Cristo nos quiere a su lado, si optamos por él por encima de todas las cosas, si no vemos otro Salvador que el mismo Cristo, asumiendo su palabra y su persona en totalidad, pero con la totalidad de nuestro ser, no por raciones, dándole a él “algo”, lo que nos interese y lo que no nos incomode, totalmente.
Y esa totalidad es, repito, con nuestra cruz personal. El Señor no ha renunciado a su cruz, a esa cruz redentora. Una cruz que al mezclarla con la nuestra es nuestro camino de salvación, es el camino de la alegría perfecta. Aquí en la tierra, porque no hay gozo mayor que andar nuestra vida en la compañía de Jesús, siendo uno con él, compartiendo nuestro ser con él. Para que, con él, nuestra cruz se convierta en Pascua.
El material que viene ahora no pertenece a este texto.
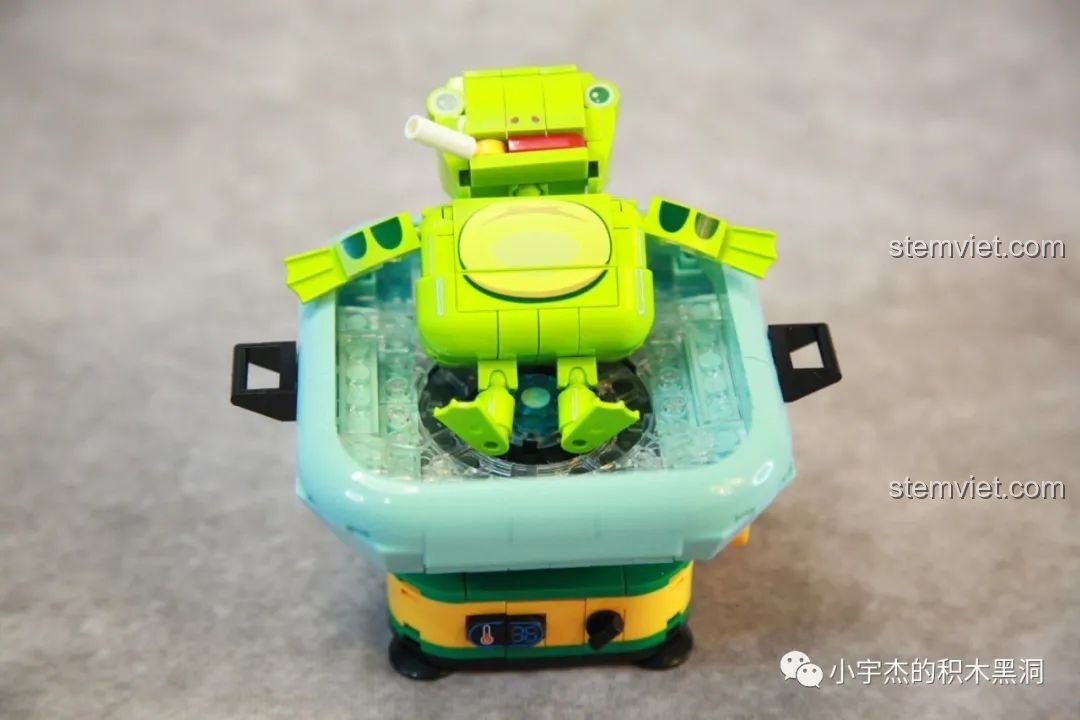 Biểu cảm mắt thứ hai của đồ chơi lắp ráp SEMBO 613103 Ếch Ngâm Nước Ấm, tăng tính biểu cảm.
Porque la cruz de Jesús es redentora siempre, y la nuestra portada a su lado se convierte también en redentora. A partir de ese momento su peso es muy ligero, como es muy ligero el peso de todo aquello que se lleva por amor. Entonces las crisis son ligeras porque ya no hay ningún desierto que cruzar, porque cuando nuestra cruz lo hacemos con Jesús, todo se va convirtiendo en vergel, un oasis que nos llena de paz y esperanza.